Thank you everyone for your feedback. You, essentially strangers on the Net, are the only people who are not hostile to me and know about my situation. I really felt encircled.


----------



## aug

Unless you're that type of a person also, you cant be in love with a cheater, a liar, someone with incredibly low standard of ethics.

The other man (OM) is a career Marine. Report him to his commander. This you must do.

Do not let your mother-in-law into your house. She's incredibly evil. And she's teaching/taught her daughter to be evil. Let's hope the dark side does not overcome your son -- you should be the counter influence.

You'll need to let her go. Read the 180 also. Note that the 180 is for your mental health and not to win her back.

You're currently going through stages of grief . Realize that your current emotions are all over. Try to detach.

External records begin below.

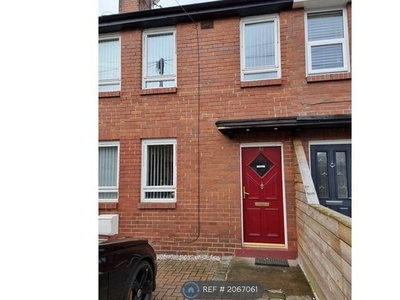 Terraced house to rent in Holystone Crescent, Newcastle Upon Tyne NE7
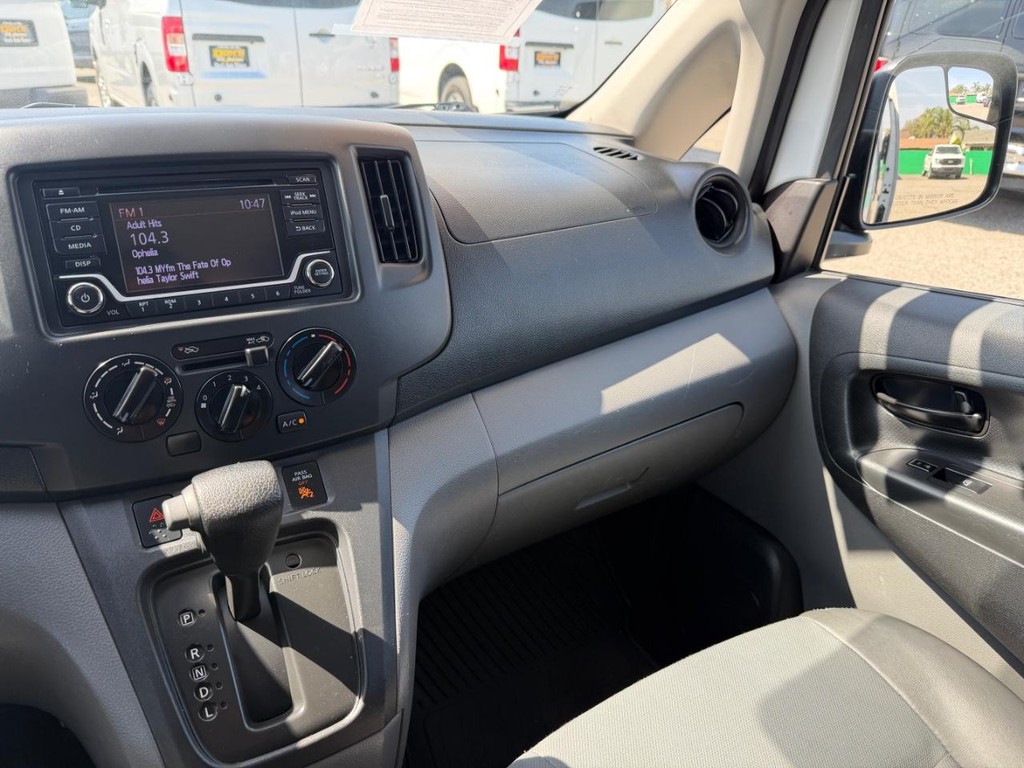 Nissan NV200 Vehicle Full-screen Gallery Image 34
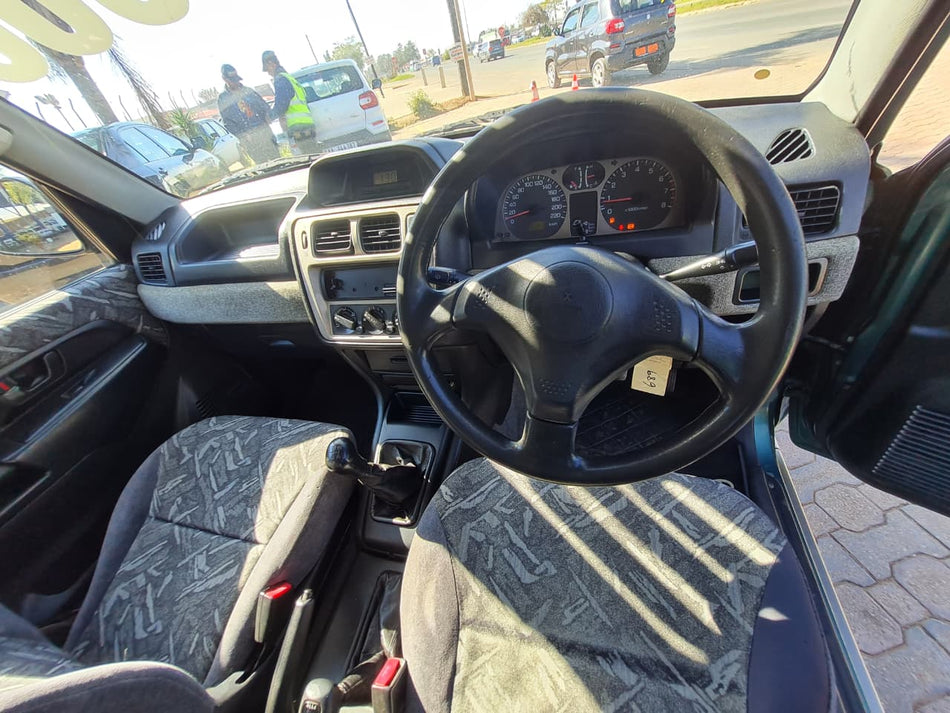 2001 Mitsubishi Pajero IO 1.8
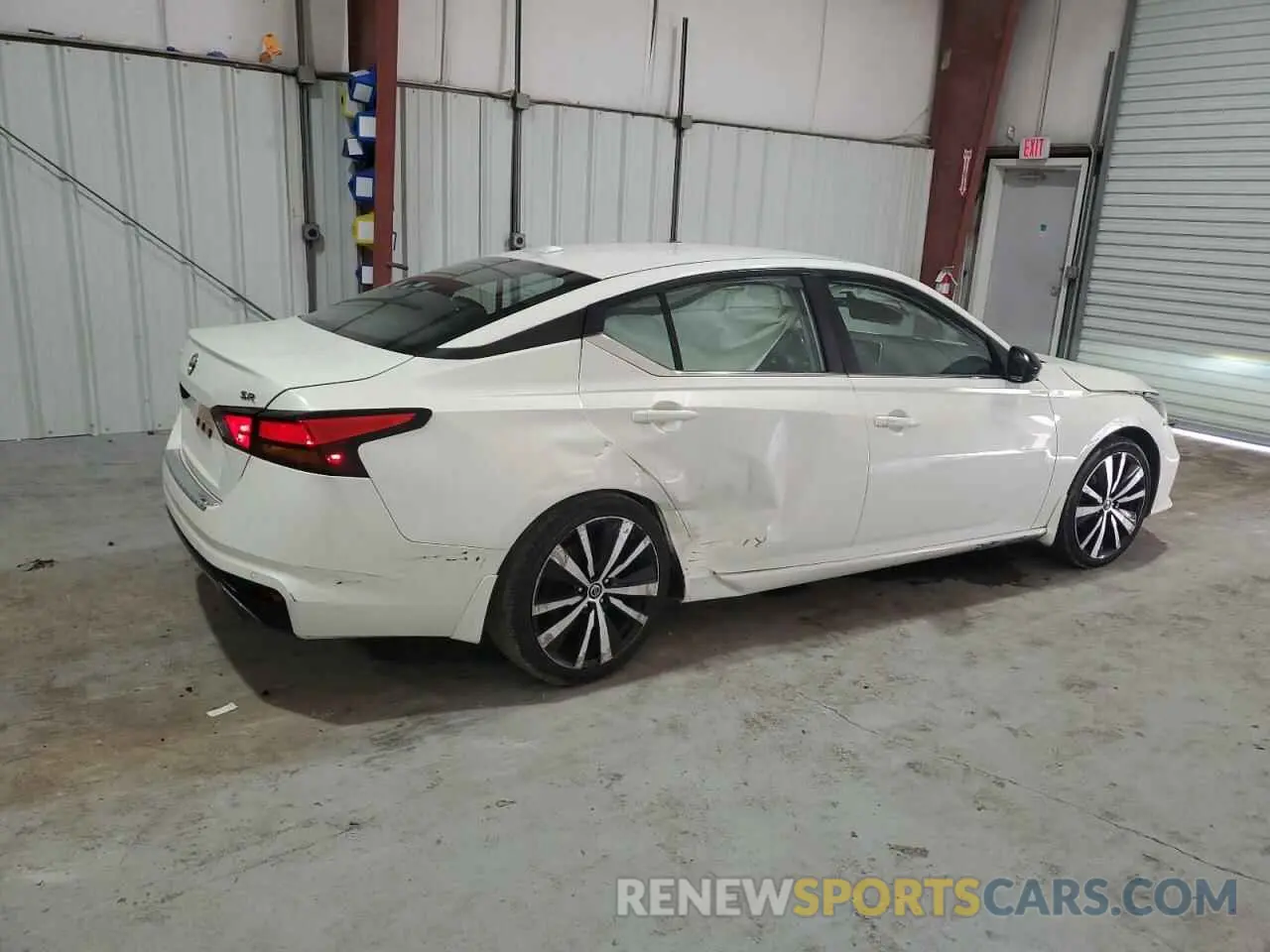 3 Photograph of a damaged car 1N4BL4CV2NN348994 NISSAN ALTIMA 2022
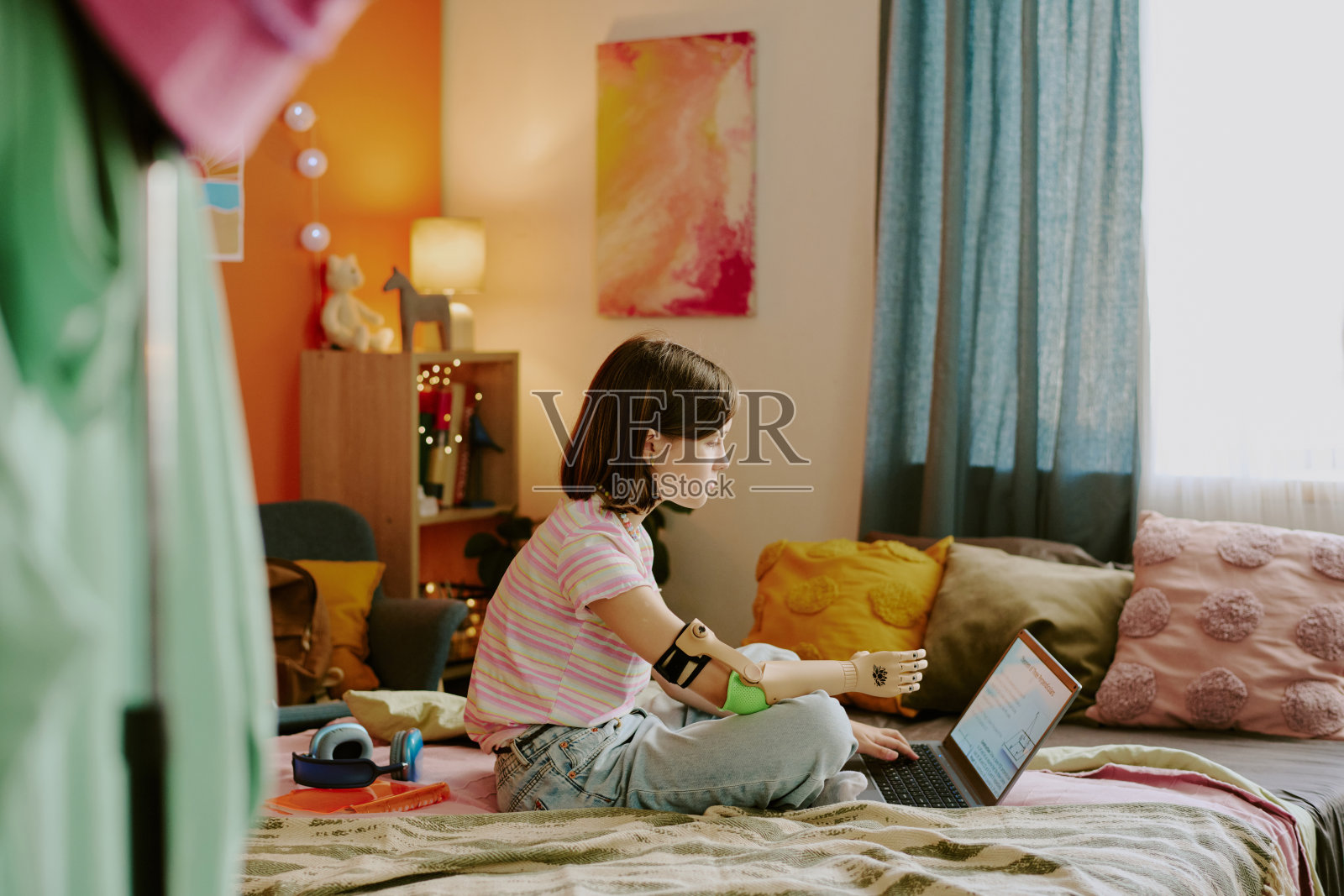 残疾青少年用笔记本电脑做作业照片摄影图片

You're still young. Why spend the rest of your life with an evil person?


----------



## bryanp

You can't be serious of ever considering to recover with her. She continues to screw the OM right under your nose and put your health at risk for STD's. She screws the OM on your birthday. She screws the OM while you are taking your child trick or treating and bad mouths you on top of that. You judge a person by their actions and not by their words and her actions speak volumes. She continues to play you for a fool. She has no respect for you whatsoever. If you do not respect yourself then who will?

This is the ultimate in humiliation and disrespect toward you. She sees you as a doormat. She lies right to your face and continues to keep screwing her lover. Please get tested for STD's immediately. Please contact an attorney at once to understand your options. She has played you for a fool and she will be absolutely right if you stay with her. Enough is enough!


----------



## bryanp

One more thing. You need to ask yourself why you would love a woman who clearly takes such glee and joy in disrespecting, humiliating you and degrading your marriage and putting your health at risk for STD's. What is wrong with this picture? You would have to be a masochist to stay married with a person like this.


----------



## snap

Harsh folks, but I appreciate it; perhaps I really need a slap or two to come to my senses.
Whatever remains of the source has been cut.